:: Supplied records ::
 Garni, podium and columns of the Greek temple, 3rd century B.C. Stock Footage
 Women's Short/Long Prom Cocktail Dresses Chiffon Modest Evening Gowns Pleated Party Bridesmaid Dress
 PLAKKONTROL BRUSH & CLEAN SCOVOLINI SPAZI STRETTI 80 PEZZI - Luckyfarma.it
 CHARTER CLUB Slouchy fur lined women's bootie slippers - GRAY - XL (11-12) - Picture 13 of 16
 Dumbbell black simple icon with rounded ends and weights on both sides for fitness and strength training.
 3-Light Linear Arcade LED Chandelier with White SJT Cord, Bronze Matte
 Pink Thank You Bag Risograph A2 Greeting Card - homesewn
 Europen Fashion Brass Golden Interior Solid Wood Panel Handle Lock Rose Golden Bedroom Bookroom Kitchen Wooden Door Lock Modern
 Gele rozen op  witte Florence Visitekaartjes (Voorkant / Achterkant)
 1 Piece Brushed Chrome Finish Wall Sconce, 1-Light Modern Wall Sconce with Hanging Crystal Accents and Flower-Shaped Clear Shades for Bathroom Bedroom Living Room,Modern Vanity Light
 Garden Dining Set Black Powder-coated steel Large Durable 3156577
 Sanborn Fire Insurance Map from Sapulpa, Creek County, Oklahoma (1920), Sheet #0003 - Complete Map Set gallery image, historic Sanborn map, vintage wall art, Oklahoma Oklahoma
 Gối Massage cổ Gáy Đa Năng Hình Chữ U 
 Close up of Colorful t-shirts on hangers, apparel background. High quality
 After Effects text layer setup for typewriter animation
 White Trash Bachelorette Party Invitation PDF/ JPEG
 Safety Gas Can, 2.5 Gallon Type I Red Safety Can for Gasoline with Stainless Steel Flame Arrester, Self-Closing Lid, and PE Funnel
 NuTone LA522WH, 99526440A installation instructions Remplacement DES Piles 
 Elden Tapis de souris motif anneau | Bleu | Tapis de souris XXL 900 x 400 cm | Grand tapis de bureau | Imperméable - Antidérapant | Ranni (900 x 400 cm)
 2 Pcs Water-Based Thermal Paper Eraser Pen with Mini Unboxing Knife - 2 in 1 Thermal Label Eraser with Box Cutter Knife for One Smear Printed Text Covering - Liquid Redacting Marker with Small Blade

:: What you have to do ::
Go to the line in the material above that contains "Women's Short/Long Prom" and copy exactly from there through the line that contains "Safety Gas Can, 2.5", stopping after it.

:: Result for this exercise ::
 Women's Short/Long Prom Cocktail Dresses Chiffon Modest Evening Gowns Pleated Party Bridesmaid Dress
 PLAKKONTROL BRUSH & CLEAN SCOVOLINI SPAZI STRETTI 80 PEZZI - Luckyfarma.it
 CHARTER CLUB Slouchy fur lined women's bootie slippers - GRAY - XL (11-12) - Picture 13 of 16
 Dumbbell black simple icon with rounded ends and weights on both sides for fitness and strength training.
 3-Light Linear Arcade LED Chandelier with White SJT Cord, Bronze Matte
 Pink Thank You Bag Risograph A2 Greeting Card - homesewn
 Europen Fashion Brass Golden Interior Solid Wood Panel Handle Lock Rose Golden Bedroom Bookroom Kitchen Wooden Door Lock Modern
 Gele rozen op  witte Florence Visitekaartjes (Voorkant / Achterkant)
 1 Piece Brushed Chrome Finish Wall Sconce, 1-Light Modern Wall Sconce with Hanging Crystal Accents and Flower-Shaped Clear Shades for Bathroom Bedroom Living Room,Modern Vanity Light
 Garden Dining Set Black Powder-coated steel Large Durable 3156577
 Sanborn Fire Insurance Map from Sapulpa, Creek County, Oklahoma (1920), Sheet #0003 - Complete Map Set gallery image, historic Sanborn map, vintage wall art, Oklahoma Oklahoma
 Gối Massage cổ Gáy Đa Năng Hình Chữ U 
 Close up of Colorful t-shirts on hangers, apparel background. High quality
 After Effects text layer setup for typewriter animation
 White Trash Bachelorette Party Invitation PDF/ JPEG
 Safety Gas Can, 2.5 Gallon Type I Red Safety Can for Gasoline with Stainless Steel Flame Arrester, Self-Closing Lid, and PE Funnel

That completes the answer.